Hello,
the proposed patch aims to reduce the stack memory consumption of the InstCombine function "isOnlyCopiedFromConstantGlobal() ", that in certain conditions could overflow the stack because of excessive recursiveness.
For example, in a case like this:
%0 = alloca [50025 x i32], align 4
%1 = getelementptr inbounds [50025 x i32]* %0, i64 0, i64 0
store i32 0, i32* %1
%2 = getelementptr inbounds i32* %1, i64 1
store i32 1, i32* %2
%3 = getelementptr inbounds i32* %2, i64 1
store i32 2, i32* %3
%4 = getelementptr inbounds i32* %3, i64 1
store i32 3, i32* %4
%5 = getelementptr inbounds i32* %4, i64 1
store i32 4, i32* %5
%6 = getelementptr inbounds i32* %5, i64 1
store i32 5, i32* %6
...
This piece of code crashes llvm when trying to apply instcombine on desktop. On embedded devices this could happen with a much lower limit of recursiveness.
Some instructions (getelementptr and bitcasts) make the function recursively call itself on their uses, which is what makes the example above consume so much stack (it becomes a recursive depth-first tree visit with a very big depth).

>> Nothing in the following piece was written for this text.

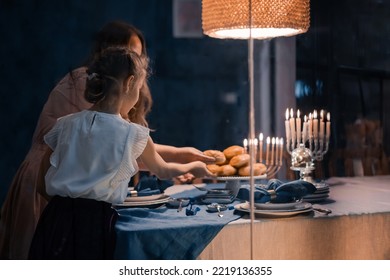 Food For Hanukkah Celebration: Menorah Candles On Wooden Table, Sufganiyot Cake And Table Setting, Jewish Symbol Centerpieces, White And Blue. Holiday Israel Hebrew Traditional Family Celebration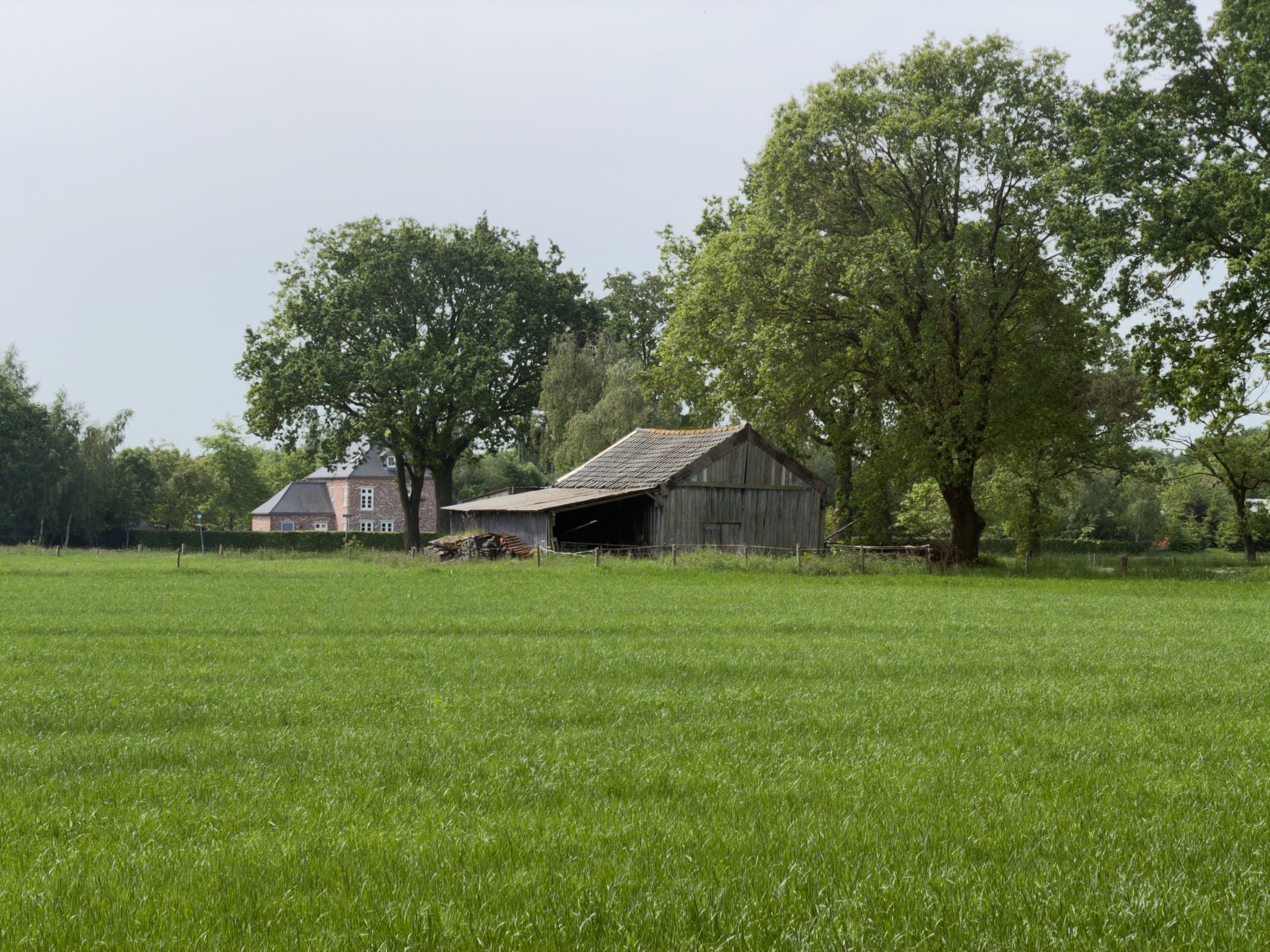 Old wooden hay barn behind a fresh green meadow with a farmhouse to the left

The patch changes the algorithm to be semantically equivalent, but iterative instead of recursive and the visiting order to be from a depth-first visit to a breadth-first visit (visit all the instructions of the current level before the ones of the next one).
Now if a lot of memory is required a heap allocation is done instead of the the stack allocation, avoiding the possible crash.
Please, help review this patch :)
Why rename 'U' to 'Use'? 'Use' already a type, so this is a bit confusing. If anything, this loop should iterate over users, not uses.